Quindi, senza nulla togliere alla relazione madre-figlio, lo sviluppo di un bambino non può certo prescindere da una relazione concreta e significativa anche del padre col figlio e dei nonni.
Ciò a maggior ragione quando parliamo dei figli di separati, per cui è caduto il modello della famiglia nucleare, mentre un modello di famiglia allargata potrebbe essere certamente il modello a maggior garanzia di tenuta.

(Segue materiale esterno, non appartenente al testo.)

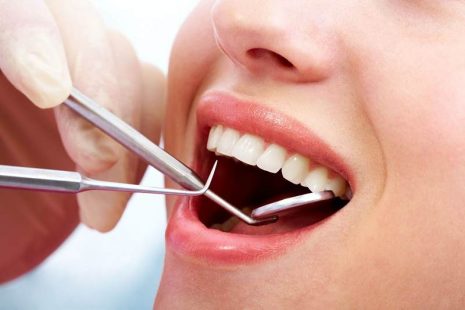 Lấy cao răng có hại không? [Giải đáp chi tiết]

5. I criteri di valutazione della genitorialità
Come indicato dalla comunità scientifica (vedasi ad esempio “Buone Pratiche per la valutazione della genitorialità: raccomandazioni per gli psicologi”, a cura dell’Ordine degli Psicologi della Regione Emilia-Romagna, Ed. Pendragon, Bologna 2009) è importante utilizzare criteri di valutazione che possono consentire un maggior rigore e un minor condizionamento dello psicologo da fattori esterni quali la manipolazione, la seduttività o la suggestione messa in atto da una delle parti. Per tali ragioni è raccomandabile l’uso di una batteria di tests.

6. Rispetto alla genitorialità, in particolare, consideriamo il criterio del cosiddetto “genitore psicologico”, o in altri termini della qualità della relazione genitore/figlio (Freud A et al. “Beyond the best interest of child”, The80 Free Press, Londra, 1973; Bowlby J. “Una base sicura”, Raffaello Cortina Editore, Milano, 1988; Ainsworth M.D.S. “Patterns of attacchament: a psichological study of Strange Situation”, Hillsdale, NJ, Erlbaum, 1985; Crittenden P. “Nuove prospettive sull’attaccamento. Teoria e pratica in famiglie ad alto rischio” Guerini editore, Milano, 1994).
Prestiamo inoltre attenzione al criterio del desiderio autentico del minore (Dell’Antonio A. “Ascoltare il minore”, Giuffrè ed., Torino, 1990), che a volte viene confuso da quel processo che chiamiamo identificazione con l’aggressore.

7. Il linguaggio.
Non sempre il linguaggio psicologico-giuridico che viene usato in sede peritale è adeguato per descrivere la situazione relazionale-affettiva delle persone coinvolte.
Quando un genitore si trova a concordare regole o a prendere decisioni in una situazione che non è solo conflittuale ma anche confusiva a causa delle problematiche psico-patologiche misconosciute dell’uno, non possiamo più semplicemente parlare di separazione conflittuale.

Quando un genitore vive una situazione in cui si trova a fare il genitore in solitudine, con l’altro genitore assente e comunque lontano cui spesso è chiamato a sopperire, mentre l’altro genitore ha dimostrato più volte di essere persona in difficoltà, con una problematica psicopatologica a volte riconosciuta, a volte no, nella condizione di dover essere aiutato e di non riconoscere di aver bisogno di aiuto, allora non possiamo più parlare semplicisticamente di separazione conflittuale.

Il non chiamare processi e problemi col loro nome, inevitabilmente innesca problematiche che complessificano il problema relazionale anziché ridurlo.